The main event in the second quarter was the decision by the Fed to speed up the pace of monetary tightening. In addition to rate hikes, questions around the timing and scale of potential Fed sales of its mortgage holdings added another unknown for mortgage investors to digest. This resulted in a spike in both realized and implied rate volatility and weighed on the sector, with nominal spreads the widest since 2008 excluding the initial COVID selloff. Despite this negative backdrop, some positive developments are presenting themselves. With almost the entire mortgage-backed securities universe out-of-the-money to refinance and slowing home sales, net supply forecasts continue to be revised downward. Additionally, higher rates will make the scheduled Fed runoff more manageable and well below the terminal $35 billion per month cap. These two positive factors may make it worthwhile to increase exposure to the sector, given the historically wide nominal spread levels. A drop in rate volatility will be needed for sustained outperformance, but this is something we do not recommend trying to time given the typical rapid speed of repricing in the sector.

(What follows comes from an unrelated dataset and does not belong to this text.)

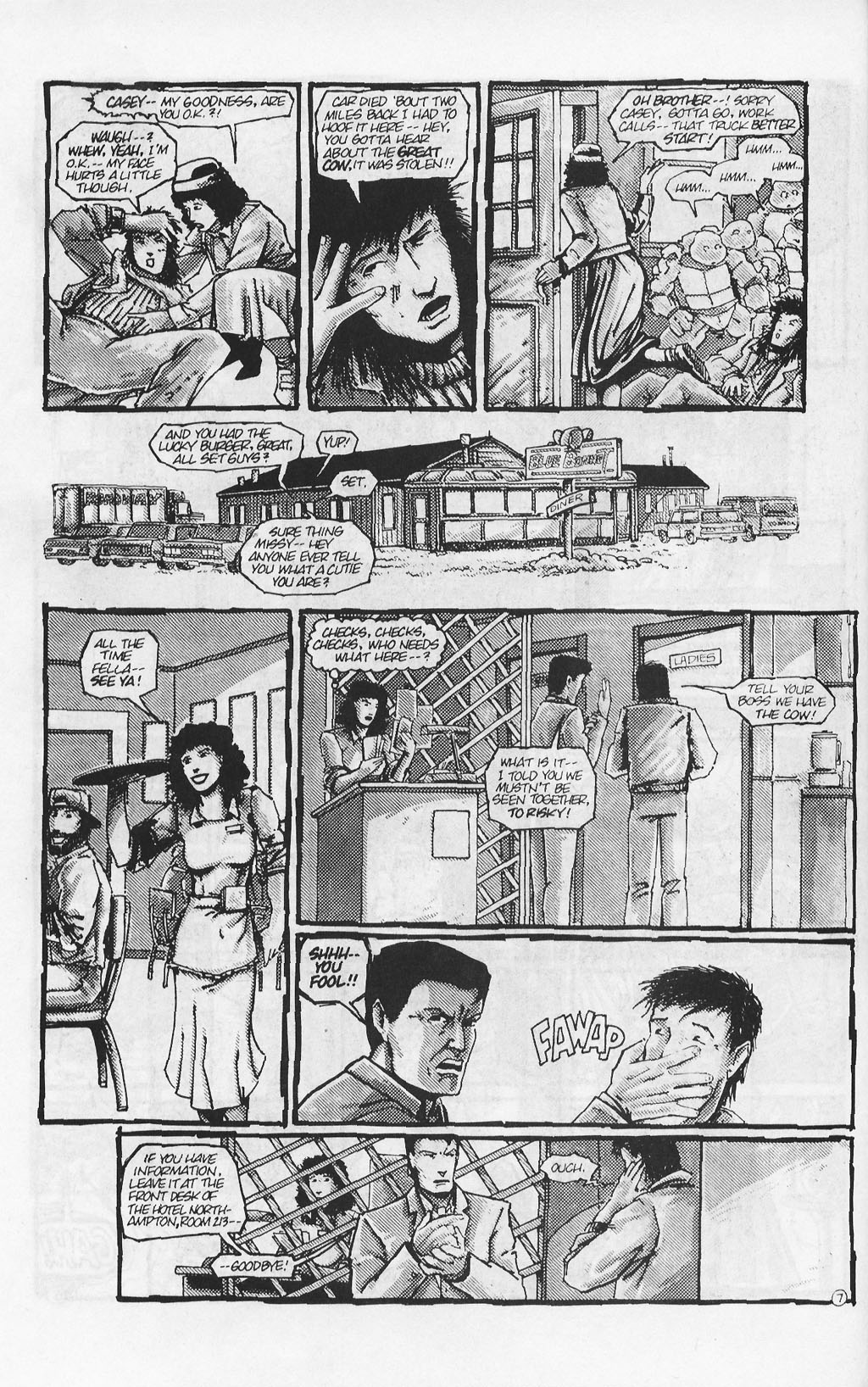 Read online Teenage Mutant Ninja Turtles (1984) comic -  Issue #14 - 10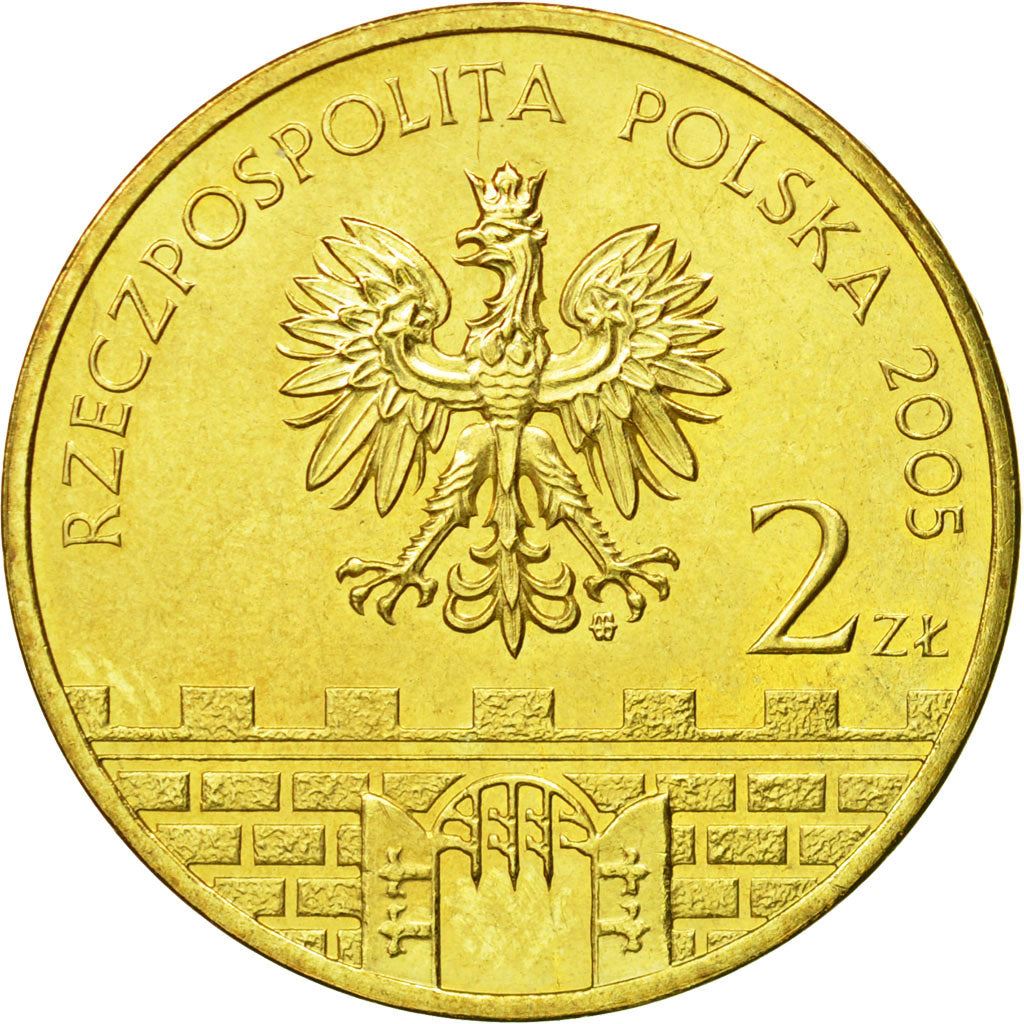 Poland | 2 Zlotys Coin | Gniezno | Y:564 | 2005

Against this backdrop, we favor investments in which either the collateral or structure offers some cash flow stability to buffer against potential continued elevated rate volatility. We find select subsectors, including off-the-run Agency CMBS, low-pay up specified pools, and locked-out collateralized mortgage obligation (MBO) structures, attractively priced in the current environment. We believe that these investments should provide cash flow certainty in the current rate environment and continue to benefit when the market focus returns to cash flow fundamentals.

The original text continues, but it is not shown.